Strength to your arm.

[identity profile] yamamanama.livejournal.com 2016-11-09 01:02 pm (UTC)(link)
I'm so disconsolate I can't even cry.

[identity profile] teenybuffalo.livejournal.com 2016-11-09 03:03 pm (UTC)(link)
My low-bar, minimum-clearance definition of better was apparently so terrifying and repugnant to more than half the country I live in that they killed it.

This. For myself, I don't know what to say except that I agree with every idea you've expressed here.

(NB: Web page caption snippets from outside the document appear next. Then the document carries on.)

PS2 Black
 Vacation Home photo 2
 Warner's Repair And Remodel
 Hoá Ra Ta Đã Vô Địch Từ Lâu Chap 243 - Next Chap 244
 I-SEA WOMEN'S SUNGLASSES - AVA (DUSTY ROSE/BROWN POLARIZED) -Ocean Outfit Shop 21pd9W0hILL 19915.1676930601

[identity profile] ashlyme.livejournal.com 2016-11-09 04:39 pm (UTC)(link)
*big hugs* I am so sorry. I hoped at least one of our countries might stay free of this nightmare.
gwynnega: (coffee poisoninjest)

[personal profile] gwynnega 2016-11-09 07:18 pm (UTC)(link)
I am barely articulate today. I had hoped against hope for a better outcome for all of us.
gwynnega: (coffee poisoninjest)

[personal profile] gwynnega 2016-11-09 09:17 pm (UTC)(link)
I thought there was a very good chance Clinton would win, but I was also terrified, so I guess on some level I knew this could happen. It is even more galling that she won the popular vote.

[identity profile] wordsofastory.livejournal.com 2016-11-09 08:11 pm (UTC)(link)
Yes. I was remarkably unworried – I'd been following the polls pretty closely, and they all looked so promising. And yet here we are today.

[identity profile] wordsofastory.livejournal.com 2016-11-09 09:35 pm (UTC)(link)
It was the way I prefer to live. I do not like finding out that the work people were willing to do instead was retrograde: closing possibilities rather than opening them. I don't actually see that the closed world does any good in the long run, no matter what fantasies it feeds.

Yes. It's partly, I suppose that I live in a bubble (NYC does not have a lot of Trump supporters) but it's so hard for me to understand how so many people could vote in support of such nationalistic, xenophobic nonsense.

Does anyone know what happened with the polls?

The biggest problem with the polls seems to be large numbers of rural, uneducated voters. They were quite open about the fact that they preferred Trump, but because in the past they have tended not to actually turn out to vote, they were discounted in the statistical weights. Instead they showed up in unexpected numbers. Trump also did better than expected with both women and people of color, though I haven't really seen any explanations yet of why that hadn't been captured in the lead-up polls to election day. In addition, Democratic turnout was lower than expected – this may at least in part be due to restrictive laws passed since the end of the Voting Rights Act.

[identity profile] wordsofastory.livejournal.com 2016-11-11 09:42 pm (UTC)(link)
Trump gave the right narrative to the parts of the country which needed to hear it and it didn't matter that every other word out of his mouth was an inaccuracy at best and a lie more of the time, it felt to them as though it described the reality of the world and they liked it. They were the heroes in it, the happy few, the last bastions. It hit all the right buttons.

Yes, I think you're right. It's just hard to deal with the fact that that's the narrative of the world so many people preferred.